··· Given data

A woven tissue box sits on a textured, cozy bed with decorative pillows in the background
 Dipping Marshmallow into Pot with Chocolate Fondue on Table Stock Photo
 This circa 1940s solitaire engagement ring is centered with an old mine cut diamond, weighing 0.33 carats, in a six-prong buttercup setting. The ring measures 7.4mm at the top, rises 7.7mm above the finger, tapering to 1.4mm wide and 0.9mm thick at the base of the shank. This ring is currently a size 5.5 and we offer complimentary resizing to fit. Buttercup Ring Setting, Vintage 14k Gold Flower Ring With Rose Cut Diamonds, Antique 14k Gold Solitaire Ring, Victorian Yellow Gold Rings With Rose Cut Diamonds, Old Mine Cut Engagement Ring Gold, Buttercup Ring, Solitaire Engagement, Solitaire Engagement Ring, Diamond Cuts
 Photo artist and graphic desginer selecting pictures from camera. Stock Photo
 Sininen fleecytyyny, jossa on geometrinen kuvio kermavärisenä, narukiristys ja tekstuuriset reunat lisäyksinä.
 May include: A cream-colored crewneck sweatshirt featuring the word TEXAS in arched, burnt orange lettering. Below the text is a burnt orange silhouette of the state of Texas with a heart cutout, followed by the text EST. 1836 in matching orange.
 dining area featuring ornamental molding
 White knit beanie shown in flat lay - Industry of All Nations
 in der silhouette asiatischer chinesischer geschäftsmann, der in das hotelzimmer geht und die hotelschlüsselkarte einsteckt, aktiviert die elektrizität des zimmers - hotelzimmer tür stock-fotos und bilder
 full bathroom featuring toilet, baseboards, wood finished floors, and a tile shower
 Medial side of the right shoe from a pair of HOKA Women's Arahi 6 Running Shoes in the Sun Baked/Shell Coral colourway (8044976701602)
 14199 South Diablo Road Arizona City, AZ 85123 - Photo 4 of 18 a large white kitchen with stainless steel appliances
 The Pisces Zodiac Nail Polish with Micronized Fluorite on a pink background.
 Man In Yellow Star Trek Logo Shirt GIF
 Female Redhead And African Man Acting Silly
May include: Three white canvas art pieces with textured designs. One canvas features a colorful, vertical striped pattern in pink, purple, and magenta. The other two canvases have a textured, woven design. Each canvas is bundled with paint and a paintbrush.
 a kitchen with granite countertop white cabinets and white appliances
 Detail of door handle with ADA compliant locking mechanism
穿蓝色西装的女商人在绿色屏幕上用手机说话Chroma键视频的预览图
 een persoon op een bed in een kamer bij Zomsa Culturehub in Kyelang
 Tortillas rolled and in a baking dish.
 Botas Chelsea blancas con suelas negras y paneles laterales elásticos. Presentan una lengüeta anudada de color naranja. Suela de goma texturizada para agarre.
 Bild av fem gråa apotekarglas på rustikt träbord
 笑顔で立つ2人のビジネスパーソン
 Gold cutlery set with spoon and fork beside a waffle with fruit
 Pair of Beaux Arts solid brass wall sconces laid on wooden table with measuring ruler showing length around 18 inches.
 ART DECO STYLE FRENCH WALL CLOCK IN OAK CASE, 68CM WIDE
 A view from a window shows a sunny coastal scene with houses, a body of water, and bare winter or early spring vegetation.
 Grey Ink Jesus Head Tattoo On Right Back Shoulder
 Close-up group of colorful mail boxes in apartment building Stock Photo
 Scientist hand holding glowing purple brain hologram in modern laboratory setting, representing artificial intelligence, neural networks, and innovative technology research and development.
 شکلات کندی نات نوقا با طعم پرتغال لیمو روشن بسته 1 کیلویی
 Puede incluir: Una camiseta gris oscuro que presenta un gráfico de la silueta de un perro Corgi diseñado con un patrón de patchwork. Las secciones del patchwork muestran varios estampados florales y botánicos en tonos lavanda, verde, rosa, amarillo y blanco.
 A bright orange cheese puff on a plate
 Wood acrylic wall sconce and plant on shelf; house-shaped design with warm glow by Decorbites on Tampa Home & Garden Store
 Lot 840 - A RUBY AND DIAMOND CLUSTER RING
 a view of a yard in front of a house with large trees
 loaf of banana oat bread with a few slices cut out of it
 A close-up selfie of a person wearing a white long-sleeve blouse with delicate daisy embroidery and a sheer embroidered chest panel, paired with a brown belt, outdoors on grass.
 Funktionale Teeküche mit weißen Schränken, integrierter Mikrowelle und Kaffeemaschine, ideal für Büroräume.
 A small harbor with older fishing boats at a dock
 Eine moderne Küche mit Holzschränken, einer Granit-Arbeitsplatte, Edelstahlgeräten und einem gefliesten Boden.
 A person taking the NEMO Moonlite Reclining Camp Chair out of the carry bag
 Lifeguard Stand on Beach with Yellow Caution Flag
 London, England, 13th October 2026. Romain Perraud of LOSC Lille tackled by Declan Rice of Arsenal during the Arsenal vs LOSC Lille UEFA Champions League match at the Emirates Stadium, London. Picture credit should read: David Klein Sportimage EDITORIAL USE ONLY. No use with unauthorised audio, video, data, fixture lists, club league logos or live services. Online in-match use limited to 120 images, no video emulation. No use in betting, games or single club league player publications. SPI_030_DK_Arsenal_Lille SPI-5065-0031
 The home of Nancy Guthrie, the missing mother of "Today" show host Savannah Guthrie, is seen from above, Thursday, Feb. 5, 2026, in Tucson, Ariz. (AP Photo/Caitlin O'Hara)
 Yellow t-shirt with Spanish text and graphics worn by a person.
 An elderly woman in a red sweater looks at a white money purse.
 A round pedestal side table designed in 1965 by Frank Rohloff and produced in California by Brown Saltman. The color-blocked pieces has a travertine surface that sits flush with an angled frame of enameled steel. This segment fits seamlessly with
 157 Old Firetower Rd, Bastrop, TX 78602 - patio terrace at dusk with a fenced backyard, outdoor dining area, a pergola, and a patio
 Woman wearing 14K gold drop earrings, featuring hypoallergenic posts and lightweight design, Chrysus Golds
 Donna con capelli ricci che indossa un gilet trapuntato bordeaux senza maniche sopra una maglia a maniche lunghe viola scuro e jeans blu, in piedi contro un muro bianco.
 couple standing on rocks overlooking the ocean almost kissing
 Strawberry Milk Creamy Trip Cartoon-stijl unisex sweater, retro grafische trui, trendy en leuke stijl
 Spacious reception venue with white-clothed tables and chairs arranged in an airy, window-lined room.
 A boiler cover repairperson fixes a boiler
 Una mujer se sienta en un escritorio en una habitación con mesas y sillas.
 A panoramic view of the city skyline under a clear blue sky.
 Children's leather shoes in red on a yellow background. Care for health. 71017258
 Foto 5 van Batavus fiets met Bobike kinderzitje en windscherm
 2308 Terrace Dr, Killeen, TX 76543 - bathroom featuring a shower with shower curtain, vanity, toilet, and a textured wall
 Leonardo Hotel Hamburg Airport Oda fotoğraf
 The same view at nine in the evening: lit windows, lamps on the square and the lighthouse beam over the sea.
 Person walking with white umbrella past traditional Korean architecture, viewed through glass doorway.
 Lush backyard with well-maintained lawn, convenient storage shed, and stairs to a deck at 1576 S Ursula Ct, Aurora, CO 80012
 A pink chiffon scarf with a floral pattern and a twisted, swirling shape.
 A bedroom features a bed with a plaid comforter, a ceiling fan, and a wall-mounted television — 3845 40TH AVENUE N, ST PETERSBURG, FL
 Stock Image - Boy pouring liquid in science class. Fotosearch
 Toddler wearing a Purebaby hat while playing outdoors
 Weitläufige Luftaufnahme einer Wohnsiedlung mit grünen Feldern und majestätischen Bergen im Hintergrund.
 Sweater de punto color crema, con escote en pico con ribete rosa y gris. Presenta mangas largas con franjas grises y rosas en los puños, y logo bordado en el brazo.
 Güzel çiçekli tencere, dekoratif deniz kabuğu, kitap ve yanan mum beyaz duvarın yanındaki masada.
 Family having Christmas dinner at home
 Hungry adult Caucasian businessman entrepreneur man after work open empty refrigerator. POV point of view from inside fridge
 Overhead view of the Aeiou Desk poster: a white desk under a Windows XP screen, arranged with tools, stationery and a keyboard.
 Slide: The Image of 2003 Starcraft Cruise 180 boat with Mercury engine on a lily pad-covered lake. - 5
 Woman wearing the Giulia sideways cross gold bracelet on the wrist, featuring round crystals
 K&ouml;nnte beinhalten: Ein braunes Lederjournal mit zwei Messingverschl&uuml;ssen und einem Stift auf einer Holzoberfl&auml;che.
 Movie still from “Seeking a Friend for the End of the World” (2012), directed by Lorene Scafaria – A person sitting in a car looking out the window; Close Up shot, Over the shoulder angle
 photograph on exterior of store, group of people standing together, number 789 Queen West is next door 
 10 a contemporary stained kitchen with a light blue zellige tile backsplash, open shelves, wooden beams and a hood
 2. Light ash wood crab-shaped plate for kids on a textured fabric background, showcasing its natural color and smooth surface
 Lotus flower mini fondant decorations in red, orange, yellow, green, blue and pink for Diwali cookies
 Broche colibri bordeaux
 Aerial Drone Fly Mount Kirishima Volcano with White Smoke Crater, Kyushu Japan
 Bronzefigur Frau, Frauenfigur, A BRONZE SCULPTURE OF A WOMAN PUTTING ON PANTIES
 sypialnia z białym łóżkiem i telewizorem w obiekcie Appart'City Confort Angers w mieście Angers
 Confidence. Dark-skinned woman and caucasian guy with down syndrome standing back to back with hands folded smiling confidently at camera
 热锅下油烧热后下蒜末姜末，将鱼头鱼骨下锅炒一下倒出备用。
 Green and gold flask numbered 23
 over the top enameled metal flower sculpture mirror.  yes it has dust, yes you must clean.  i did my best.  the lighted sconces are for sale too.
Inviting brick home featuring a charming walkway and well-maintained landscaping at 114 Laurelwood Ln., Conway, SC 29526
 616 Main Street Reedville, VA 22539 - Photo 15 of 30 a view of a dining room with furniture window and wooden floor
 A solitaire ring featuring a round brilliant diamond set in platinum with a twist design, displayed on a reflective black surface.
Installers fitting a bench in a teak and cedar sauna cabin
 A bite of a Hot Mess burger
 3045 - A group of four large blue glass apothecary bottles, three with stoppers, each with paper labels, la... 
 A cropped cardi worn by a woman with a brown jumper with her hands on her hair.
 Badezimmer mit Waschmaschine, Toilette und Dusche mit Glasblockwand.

······

• What the exercise asks:
Repeat the entries above verbatim, but only from the line that has "616 Main Street" down to the line that has "A bite of a Hot Mess burger", inclusive.

• Result:
 616 Main Street Reedville, VA 22539 - Photo 15 of 30 a view of a dining room with furniture window and wooden floor
 A solitaire ring featuring a round brilliant diamond set in platinum with a twist design, displayed on a reflective black surface.
Installers fitting a bench in a teak and cedar sauna cabin
 A bite of a Hot Mess burger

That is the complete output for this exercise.